VW Golf GTD-20

Volkswagen might have more trouble to deal with if this goes through. According to a Reuters report, a committee of lawmakers has urged Britain to consider prosecuting VW over the “dieselgate” emissions scandal, accusing the government of being too slow to decide whether Wolfsburg broke the law.

Europe’s biggest carmaker admitted last September to cheating in US diesel emissions tests, which led to the departure of strongman CEO Martin Winterkorn and a battering of its shares and reputation. In the UK, 1.2 million cars were fitted with defeat devices but in April, a British transport minister said the firm had yet to fix any cars. That contradicted VW, which said that it had started making some software modifications.

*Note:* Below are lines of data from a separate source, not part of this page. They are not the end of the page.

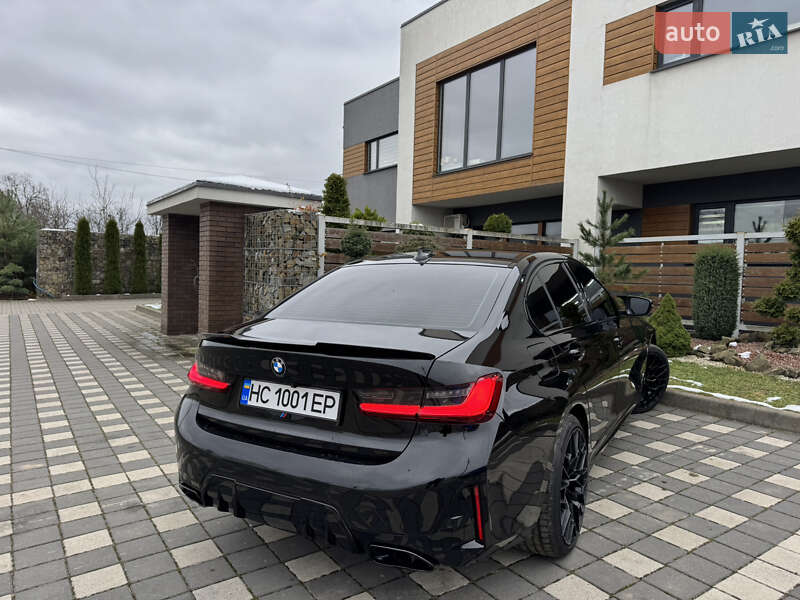 Седан BMW 3 Series 2020 в Стрые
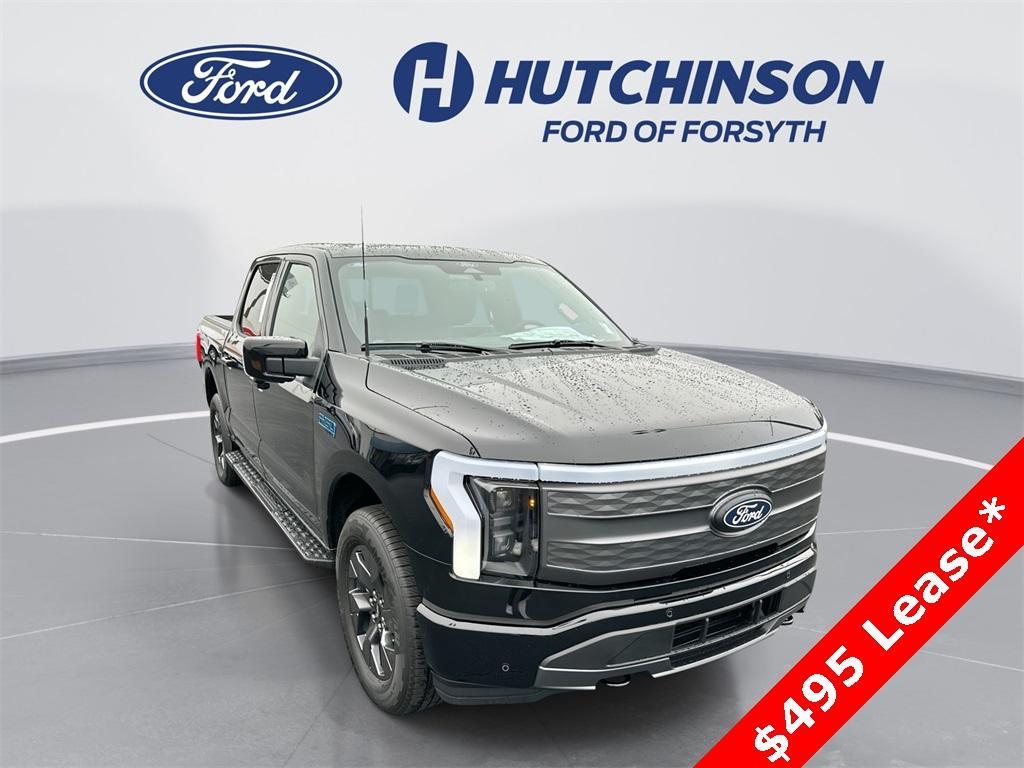 new 2025 Ford F-150 Lightning car, priced at $68,225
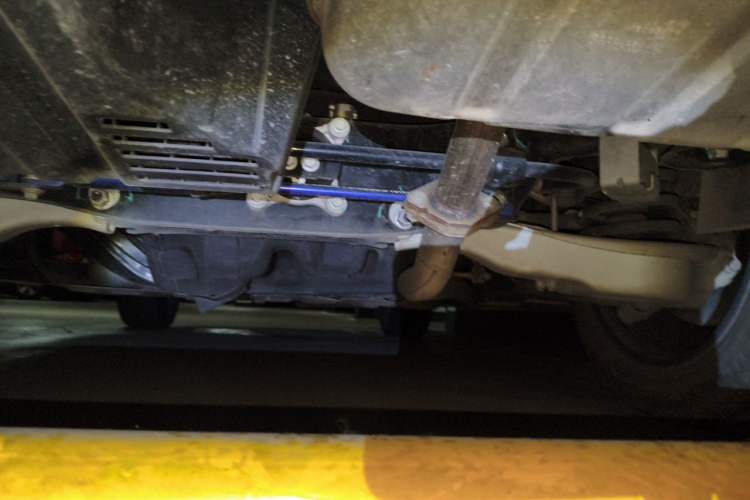 Used Li Auto ONE 2021 Extended-Range 6-Seater Version Chassis Rear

Earlier today, Britain’s transport select committee, whose conclusions are not binding on the government, said VW should be punished to avoid a repeat of the scandal. “Without proper sanctions against manufacturers that cheat, there is little to stop a similar scandal from happening again,” it said in statement.

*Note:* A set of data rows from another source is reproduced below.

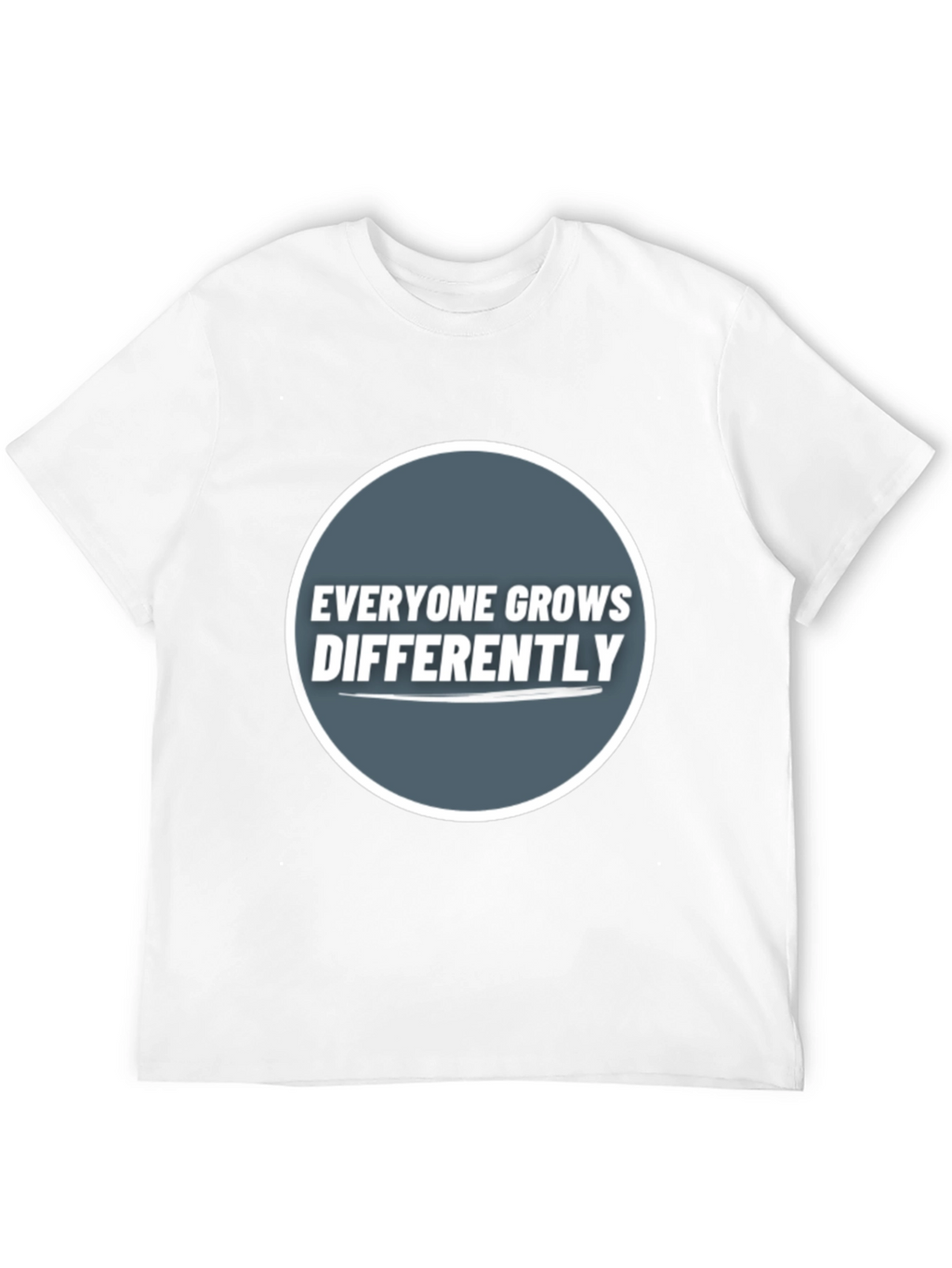 Everyone Grows Differently Graphic Tee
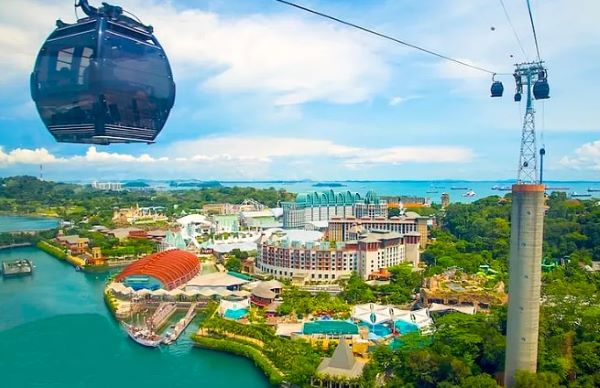 Sentosa Island: Pulau Penuh Keseruan yang Wajib Dikunjungi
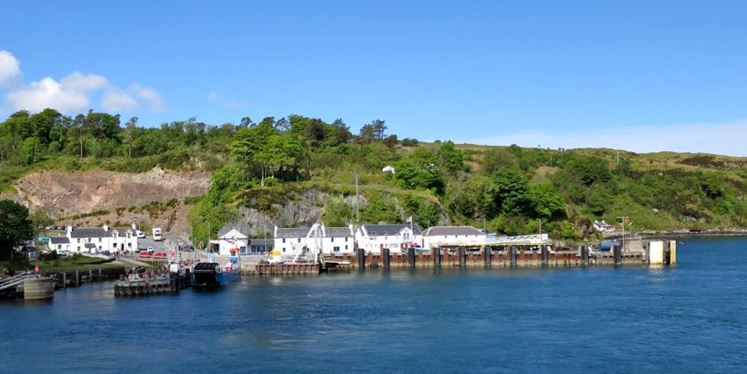Port Askaig, Elements of Islay and The Single Malts of Scotland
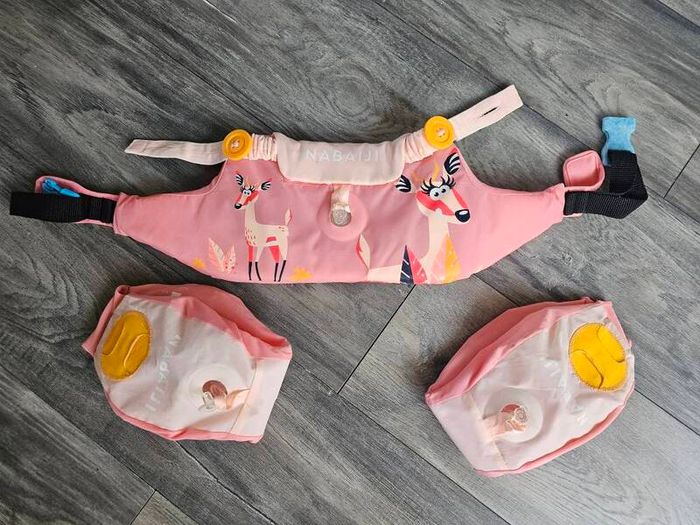 3in1 swimming armbands & waistband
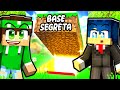 BASE SEGRETA 1€ vs 25.000€ contro i MIEI AMICI su MINECRAFT!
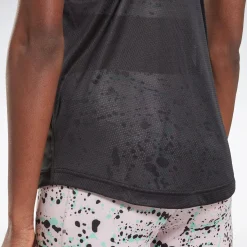 Tank Tops|Reebok Tank Tops Mesh Back Tank Top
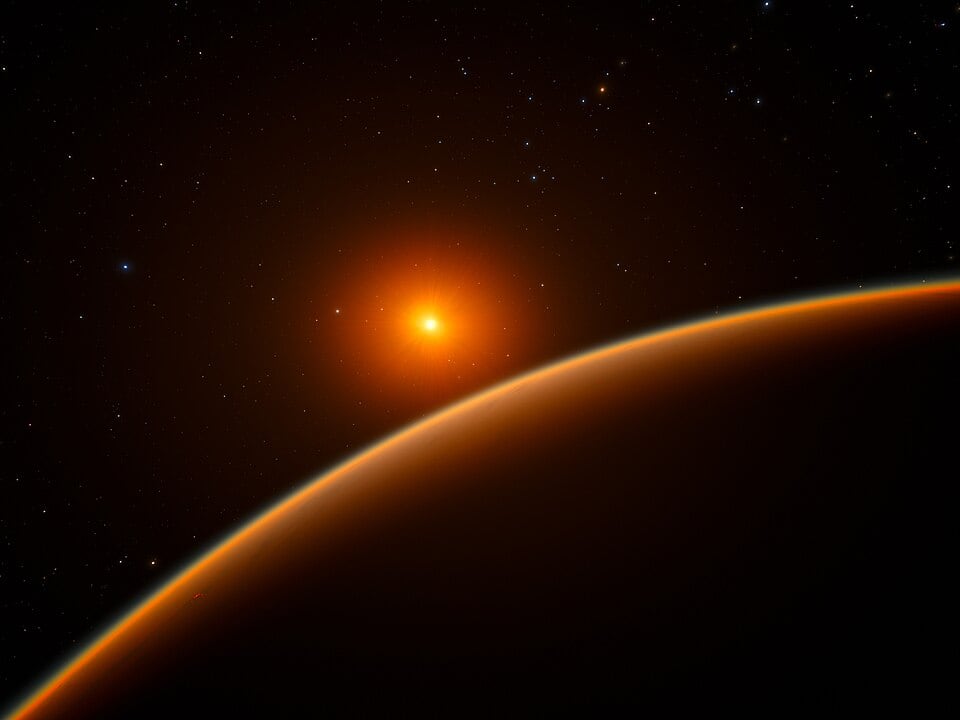 Búsqueda de vida más allá de la Tierra: astrónomos descubren un planeta con atmósfera a 49 años luz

VW said that it was working hard to fix all of the affected vehicles in Britain. “Close to 50,000 vehicles in the UK have now received the technical measure, a number which will continue to increase as further vehicles’ technical measures are developed,” the German carmaker said in a statement.

Volkswagen Golf GTD

Committee chairwoman Louise Ellman also called on Britain’s vehicle approval regulator, the Vehicle Certification Agency (VCA), to ensure that the solution proposed by VW will not lead to increased costs for vehicle owners at a later stage.

“We are concerned that VW’s fix was developed at the lowest possible cost which might lead to increased costs for motorists down the line. The VCA must make scrutinising manufacturers for non-compliance and questionable practices its first priority,” she said.

Earlier this month, VW said that Europe won’t be getting anything like the US$15 billion compensation package that it is offering to US customers to as settlement for the scandal. CEO Matthias Müller was quoted saying that a similar settlement would be inappropriate and unaffordable.

“We have a different situation here (in Europe),” he said, adding that while VW was on a solid financial footing, replicating the US deal in Europe would be tough for Wolfsburg to cope with financially. “You don’t have to be a mathematician to realise that compensation at arbitrarily high levels would overwhelm Volkswagen.”